> Data shown:
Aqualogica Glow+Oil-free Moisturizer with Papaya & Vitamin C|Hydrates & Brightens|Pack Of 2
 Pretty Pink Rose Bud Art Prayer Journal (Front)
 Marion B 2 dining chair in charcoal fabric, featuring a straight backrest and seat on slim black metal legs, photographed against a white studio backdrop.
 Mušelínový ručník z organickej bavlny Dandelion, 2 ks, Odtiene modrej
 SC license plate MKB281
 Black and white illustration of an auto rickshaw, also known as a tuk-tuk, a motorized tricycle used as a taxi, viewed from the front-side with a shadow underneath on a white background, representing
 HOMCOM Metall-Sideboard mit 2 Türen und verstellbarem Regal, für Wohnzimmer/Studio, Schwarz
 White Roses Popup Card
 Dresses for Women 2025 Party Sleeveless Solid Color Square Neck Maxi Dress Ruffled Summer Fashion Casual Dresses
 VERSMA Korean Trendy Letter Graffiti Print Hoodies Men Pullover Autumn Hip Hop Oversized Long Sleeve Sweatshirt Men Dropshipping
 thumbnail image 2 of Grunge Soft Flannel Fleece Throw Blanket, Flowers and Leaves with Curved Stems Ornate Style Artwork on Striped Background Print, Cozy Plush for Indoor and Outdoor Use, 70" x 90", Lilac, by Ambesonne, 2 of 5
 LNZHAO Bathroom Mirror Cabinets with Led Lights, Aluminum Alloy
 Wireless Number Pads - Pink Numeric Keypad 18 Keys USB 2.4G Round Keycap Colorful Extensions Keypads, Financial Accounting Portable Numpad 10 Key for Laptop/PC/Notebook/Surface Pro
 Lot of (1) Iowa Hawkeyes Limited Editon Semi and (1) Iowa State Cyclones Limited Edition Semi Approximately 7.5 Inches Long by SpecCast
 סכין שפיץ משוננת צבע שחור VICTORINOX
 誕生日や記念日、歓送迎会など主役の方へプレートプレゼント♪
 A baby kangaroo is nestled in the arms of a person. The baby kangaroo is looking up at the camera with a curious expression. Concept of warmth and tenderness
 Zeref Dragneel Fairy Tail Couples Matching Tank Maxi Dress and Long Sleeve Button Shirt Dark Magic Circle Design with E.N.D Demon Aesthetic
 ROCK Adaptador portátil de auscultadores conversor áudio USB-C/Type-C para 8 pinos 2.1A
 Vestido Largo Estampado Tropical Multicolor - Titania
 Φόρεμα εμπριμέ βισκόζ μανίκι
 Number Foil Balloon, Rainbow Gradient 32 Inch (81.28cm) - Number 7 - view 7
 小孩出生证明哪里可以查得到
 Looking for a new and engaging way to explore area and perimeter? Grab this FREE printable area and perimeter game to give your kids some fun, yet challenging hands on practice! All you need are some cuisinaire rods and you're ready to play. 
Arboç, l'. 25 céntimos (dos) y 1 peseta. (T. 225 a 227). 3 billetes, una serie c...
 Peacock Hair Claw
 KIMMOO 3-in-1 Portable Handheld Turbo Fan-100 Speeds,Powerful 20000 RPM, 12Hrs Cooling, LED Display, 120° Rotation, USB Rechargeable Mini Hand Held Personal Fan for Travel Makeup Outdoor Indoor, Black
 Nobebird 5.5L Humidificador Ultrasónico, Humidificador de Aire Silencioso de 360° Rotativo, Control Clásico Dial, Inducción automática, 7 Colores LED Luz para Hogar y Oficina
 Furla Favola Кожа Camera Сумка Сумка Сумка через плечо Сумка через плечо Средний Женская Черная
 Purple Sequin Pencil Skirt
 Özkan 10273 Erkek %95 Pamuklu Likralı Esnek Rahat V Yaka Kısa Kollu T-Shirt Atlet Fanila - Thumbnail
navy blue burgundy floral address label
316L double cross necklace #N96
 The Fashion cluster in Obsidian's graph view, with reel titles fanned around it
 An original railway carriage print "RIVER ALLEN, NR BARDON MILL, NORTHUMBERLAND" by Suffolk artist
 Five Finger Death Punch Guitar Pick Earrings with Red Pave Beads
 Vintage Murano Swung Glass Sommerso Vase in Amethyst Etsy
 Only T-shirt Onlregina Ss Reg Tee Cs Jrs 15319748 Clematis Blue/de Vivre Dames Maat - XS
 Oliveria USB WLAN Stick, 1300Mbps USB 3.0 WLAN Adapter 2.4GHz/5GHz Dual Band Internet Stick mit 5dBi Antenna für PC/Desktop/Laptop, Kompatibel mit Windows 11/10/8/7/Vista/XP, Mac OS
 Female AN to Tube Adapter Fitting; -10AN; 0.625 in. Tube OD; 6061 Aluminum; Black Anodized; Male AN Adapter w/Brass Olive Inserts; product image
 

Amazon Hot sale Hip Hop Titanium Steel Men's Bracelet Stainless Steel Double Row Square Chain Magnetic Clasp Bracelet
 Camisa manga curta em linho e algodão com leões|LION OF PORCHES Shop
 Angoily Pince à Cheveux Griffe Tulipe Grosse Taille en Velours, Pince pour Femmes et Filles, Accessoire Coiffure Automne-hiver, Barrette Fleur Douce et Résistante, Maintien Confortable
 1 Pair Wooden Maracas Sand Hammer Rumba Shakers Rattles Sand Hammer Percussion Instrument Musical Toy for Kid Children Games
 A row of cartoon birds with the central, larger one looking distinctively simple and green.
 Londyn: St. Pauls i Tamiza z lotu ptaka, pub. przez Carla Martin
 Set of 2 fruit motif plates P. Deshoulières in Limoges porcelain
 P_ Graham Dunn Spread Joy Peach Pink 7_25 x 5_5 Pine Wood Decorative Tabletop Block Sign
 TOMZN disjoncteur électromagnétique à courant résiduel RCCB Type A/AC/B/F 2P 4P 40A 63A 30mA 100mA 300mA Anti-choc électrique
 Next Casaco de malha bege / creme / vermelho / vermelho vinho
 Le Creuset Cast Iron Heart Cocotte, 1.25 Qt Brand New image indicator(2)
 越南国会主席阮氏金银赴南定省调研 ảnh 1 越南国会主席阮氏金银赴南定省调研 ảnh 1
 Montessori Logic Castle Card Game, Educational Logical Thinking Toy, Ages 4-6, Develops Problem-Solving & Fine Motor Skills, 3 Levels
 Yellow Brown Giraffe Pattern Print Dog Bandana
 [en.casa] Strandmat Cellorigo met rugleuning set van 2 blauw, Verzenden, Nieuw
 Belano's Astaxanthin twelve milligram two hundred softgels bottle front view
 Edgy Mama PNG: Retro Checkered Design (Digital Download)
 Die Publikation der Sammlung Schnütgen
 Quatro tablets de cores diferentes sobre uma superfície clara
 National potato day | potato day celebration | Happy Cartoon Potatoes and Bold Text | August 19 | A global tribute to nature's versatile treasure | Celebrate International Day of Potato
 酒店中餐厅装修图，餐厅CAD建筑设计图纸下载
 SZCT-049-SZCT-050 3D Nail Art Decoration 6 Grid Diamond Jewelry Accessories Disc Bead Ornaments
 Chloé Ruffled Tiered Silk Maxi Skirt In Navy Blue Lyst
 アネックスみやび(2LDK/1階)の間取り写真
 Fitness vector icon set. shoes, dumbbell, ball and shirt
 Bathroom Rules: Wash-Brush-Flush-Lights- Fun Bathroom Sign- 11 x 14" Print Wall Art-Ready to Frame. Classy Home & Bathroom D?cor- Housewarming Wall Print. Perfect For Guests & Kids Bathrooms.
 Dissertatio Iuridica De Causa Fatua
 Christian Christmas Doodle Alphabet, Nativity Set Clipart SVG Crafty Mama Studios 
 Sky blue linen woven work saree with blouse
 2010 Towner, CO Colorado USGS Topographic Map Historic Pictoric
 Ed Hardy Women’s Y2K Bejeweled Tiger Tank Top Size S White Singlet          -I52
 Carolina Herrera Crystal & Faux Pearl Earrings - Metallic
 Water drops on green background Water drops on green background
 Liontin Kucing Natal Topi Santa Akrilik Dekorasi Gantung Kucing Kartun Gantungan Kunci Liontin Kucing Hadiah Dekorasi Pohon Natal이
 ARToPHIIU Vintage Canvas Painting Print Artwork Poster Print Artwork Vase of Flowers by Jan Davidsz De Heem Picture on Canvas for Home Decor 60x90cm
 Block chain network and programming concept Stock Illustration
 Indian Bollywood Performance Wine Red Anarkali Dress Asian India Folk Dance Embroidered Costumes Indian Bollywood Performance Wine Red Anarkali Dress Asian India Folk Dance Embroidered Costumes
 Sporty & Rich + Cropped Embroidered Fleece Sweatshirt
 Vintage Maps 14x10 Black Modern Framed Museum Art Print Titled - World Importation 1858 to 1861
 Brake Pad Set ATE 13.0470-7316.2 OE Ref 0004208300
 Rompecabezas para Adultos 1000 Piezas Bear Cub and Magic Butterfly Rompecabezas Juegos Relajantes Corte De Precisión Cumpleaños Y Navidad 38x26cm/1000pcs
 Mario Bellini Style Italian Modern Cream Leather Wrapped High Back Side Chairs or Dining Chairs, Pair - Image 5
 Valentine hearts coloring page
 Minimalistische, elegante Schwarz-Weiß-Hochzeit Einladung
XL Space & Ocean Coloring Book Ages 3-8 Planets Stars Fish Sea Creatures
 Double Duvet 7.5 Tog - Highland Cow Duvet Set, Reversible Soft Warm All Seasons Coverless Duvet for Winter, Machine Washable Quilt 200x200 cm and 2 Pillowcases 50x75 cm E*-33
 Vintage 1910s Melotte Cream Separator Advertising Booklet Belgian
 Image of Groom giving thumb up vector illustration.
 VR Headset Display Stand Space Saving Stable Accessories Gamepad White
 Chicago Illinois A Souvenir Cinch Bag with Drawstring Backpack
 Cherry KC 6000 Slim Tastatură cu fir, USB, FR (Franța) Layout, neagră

> Instructions for the task:
Look above for the line with "XL Space & Ocean"; retype exactly that line, every line after it up to the line with "Image of Groom", and that line too, nothing else.

> Result of the task:
XL Space & Ocean Coloring Book Ages 3-8 Planets Stars Fish Sea Creatures
 Double Duvet 7.5 Tog - Highland Cow Duvet Set, Reversible Soft Warm All Seasons Coverless Duvet for Winter, Machine Washable Quilt 200x200 cm and 2 Pillowcases 50x75 cm E*-33
 Vintage 1910s Melotte Cream Separator Advertising Booklet Belgian
 Image of Groom giving thumb up vector illustration.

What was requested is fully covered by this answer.